Thomas Sowell examines this week the dangerous lengths to which courts have extended the reach of the Constitution’s Commerce Clause.

Over the years, “interstate commerce” became magic words to justify almost any expansion of the federal government’s power, in defiance of the Tenth Amendment. That is what the Obama administration is depending on to get today’s Supreme Court to uphold its power to tell people that they have to buy the particular health insurance specified by the federal government.

There was consternation in 1995 when the Supreme Court ruled that carrying a gun near a school was not interstate commerce. That conclusion might seem like only common sense to most people, but it was a close 5 to 4 decision, and it sparked outrage when the phrase “interstate commerce” failed to work its magic in justifying an expansion of the federal government’s power.

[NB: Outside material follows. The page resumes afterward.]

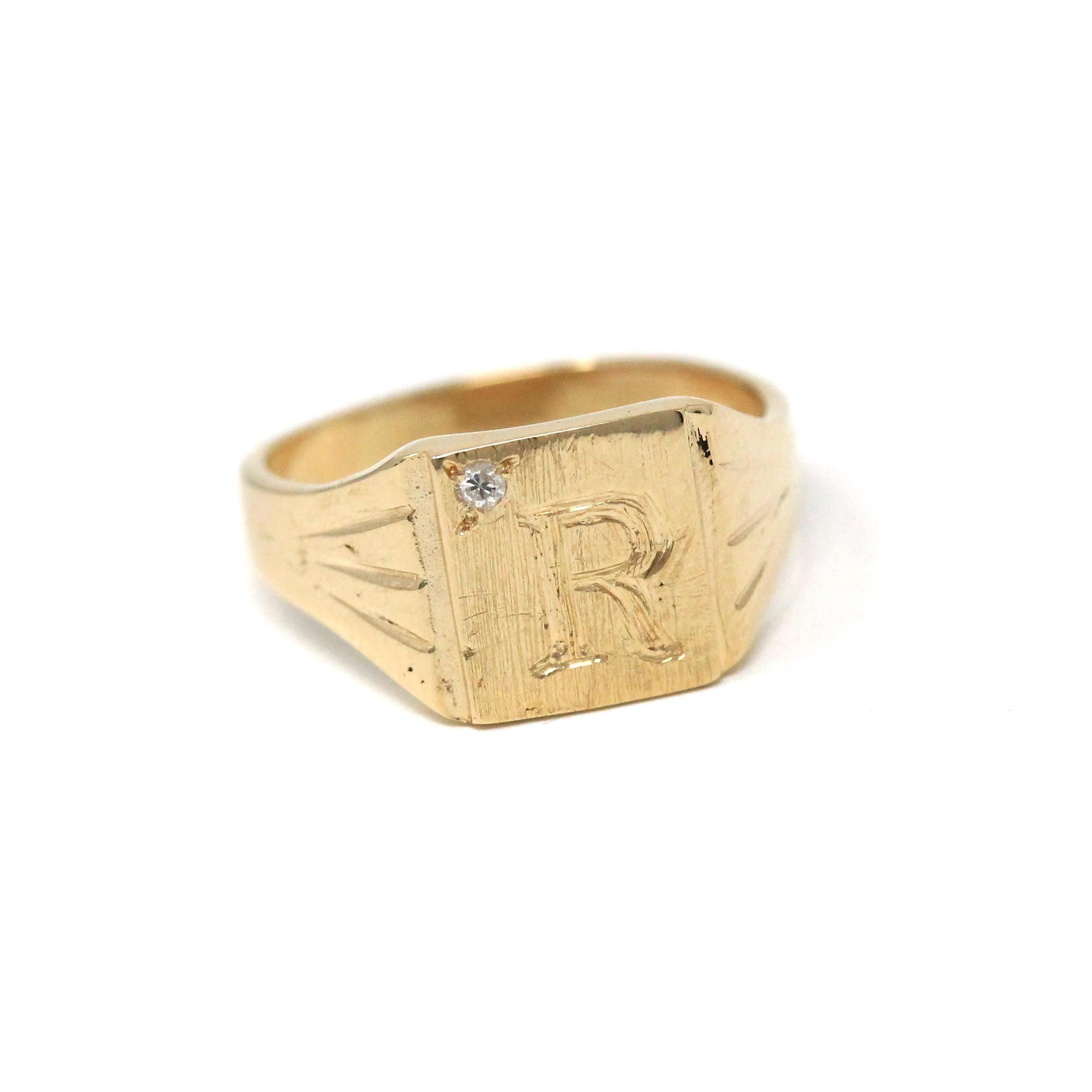 Diamond "R" Signet Ring - Mid Century 14k Yellow Gold Engraved Letter Initial .01 CT Accent - Vintage Circa 1950s Era Size 4.25 Fine Jewelry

The 1995 case involved a federal law forbidding anyone from carrying a gun near a school. The states all had the right to pass such laws, and most did, but the issue was whether the federal government could pass such a law under its power to regulate interstate commerce.

The underlying argument was similar to that in the 1942 case of Wickard v. Filburn: School violence can affect education, which can affect productivity, which can affect interstate commerce.

Since virtually everything affects virtually everything else, however remotely, “interstate commerce” can justify virtually any expansion of government power, by this kind of sophistry.

The principle that the legal authority to regulate X implies the authority to regulate anything that can affect X is a huge and dangerous leap of logic, in a world where all sorts of things have some effect on all sorts of other things.